Solo, ANTARA JATENG - Sastrawan Indonesia Sapardi Djoko Damono menyatakan keberadaan naskah kuno di Indonesia banyak dipengaruhi sejumlah negara asing yang pernah berkunjung ke Indonesia.

"Pertama kali India, baru kemudian Arab Saudi yang membawa budaya Islam, dan selanjutnya Amerika Latin. Jadi kalau sejarah Indonesia banyak dipengaruhi oleh negara barat itu memang benar," katanya pada acara talkshow "Naskah Kuno Dalam Perspektif Pustakawan, Pegiat Literasi, Seniman, dan Penyair" di Auditorium Universitas Sebelas Maret, Solo, Rabu.

Ia mengatakan sebelum menjadi naskah, sejarah Indonesia diceritakan secara lisan atau disebut juga dengan dongeng. Selanjutnya, seiring dengan perkembangan waktu sejarah tersebut dituangkan dalam bentuk tulisan.

"Seperti misalnya tulisan yang terpengaruh budaya India, yaitu dongeng Ramayana dan Mahabarata.

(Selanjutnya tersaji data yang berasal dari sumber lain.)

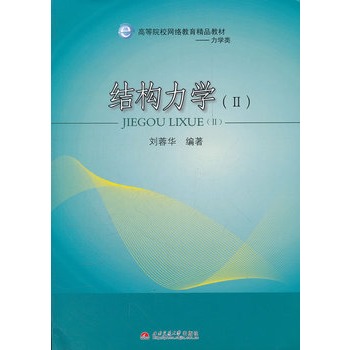 �Y(ji��)��(g��u)���W(xu��)(�����W(xu��)�(l��i)�ߵ�ԺУ�W(w��ng)�j(lu��)������Ʒ�̲�)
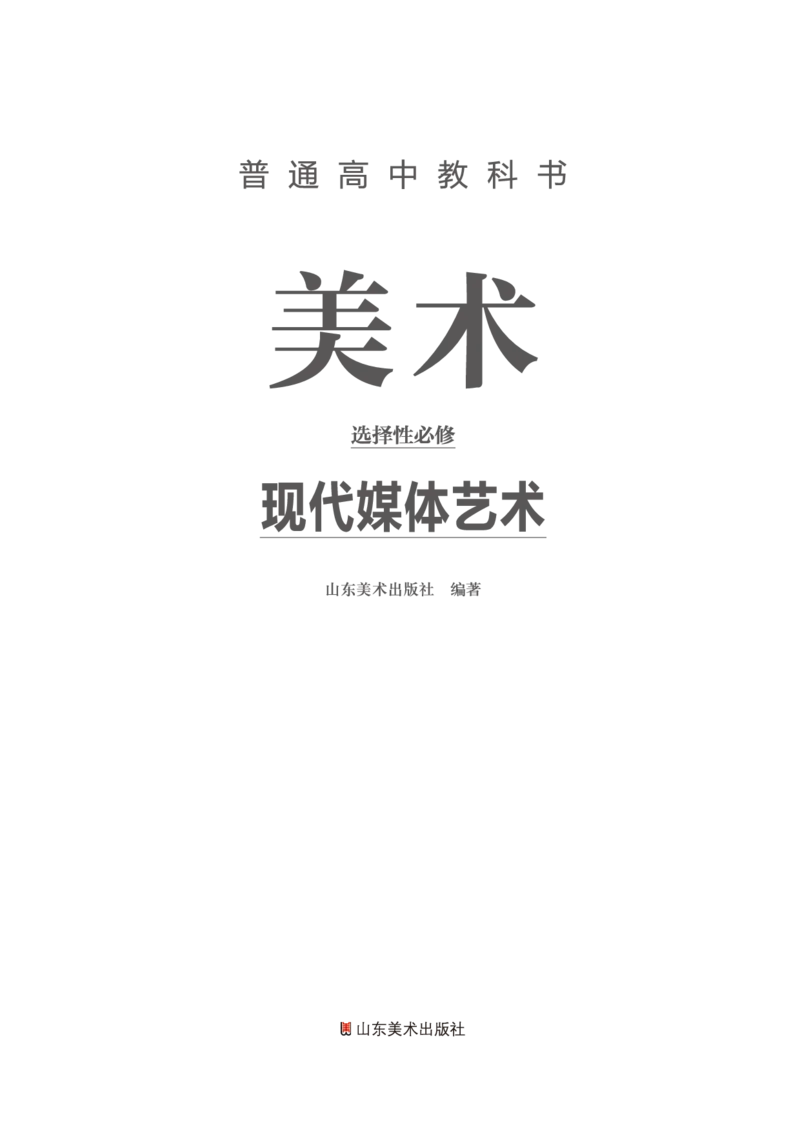 鲁美版美术选修6高清教材_4-教培资料-26年最新资料-同步更新_初中高中教资_03科三专项（进去保存报考的学科即可）_02科三专项（笔记真题思维导图教学设计版本二）
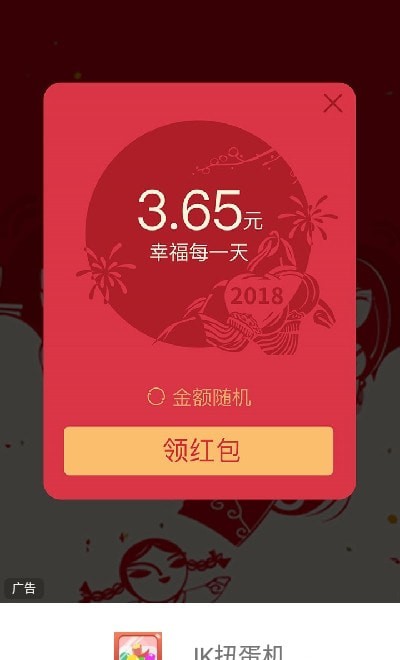 JK扭蛋机去广告版截图1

Sampai sekarang dongeng tersebut masih diceritakan meskipun tidak sama persis," katanya.

Menurut dia, karena banyaknya negara asing yang membawa pengaruh bagi naskah kuno di Indonesia, sampai saat ini sastra klasik tersebut kaya akan khasanah. Bahkan, dikatakannya, peninggalan di masa lalu yang tertuang dalam naskah kuno tersebut bisa dimanfaatkan untuk kehidupan masa kini.

"Karena apapun yang terjadi pada saat itu kan dituangkan dalam naskah kuno, sehingga ajaran pada saat itu bisa dimanfaatkan untuk menghadapi segala situasi pada saat ini," katanya.

Meski demikian, diakuinya, jumlah penerjemah naskah kuno yang ada saat ini belum sebanding dengan keberadaan naskah kuno itu sendiri sehingga isi dari naskah kuno tersebut tidak banyak diketahui oleh masyarakat.

"Seharusnya yang menerjemahkan ya kita kita ini, dengan begitu isi naskah akan diketahui oleh masyarakat luas," katanya.

Sementara itu, mengenai penulisan ulang sejarah yang tertuang dalam naskah kuno, menurut dia, hal itu tidak menyalahi aturan. Bahkan, jika penulisan ulang tersebut menggunakan bahasa kekinian.

"Hak kita untuk mengubah segala sesuatu yang telah terjadi, itu kan tafsir. Kalau mau mengingat, sejarah kita sudah berapa kali diganti. Banyak peristiwa yang sama tetapi cara penulisannya berbeda. Memang tugas sastra adalah menyampaikan tafsir terhadap peristiwa yang ada di sekitarnya," katanya.

Meski demikian, menurut dia, isi dari tafsir tersebut tetap menjadi tanggung jawab masing-masing penulis.

"Tetapi pada prinsipnya, hal itu bukan sesuatu yang aneh atau harus dihindari," katanya.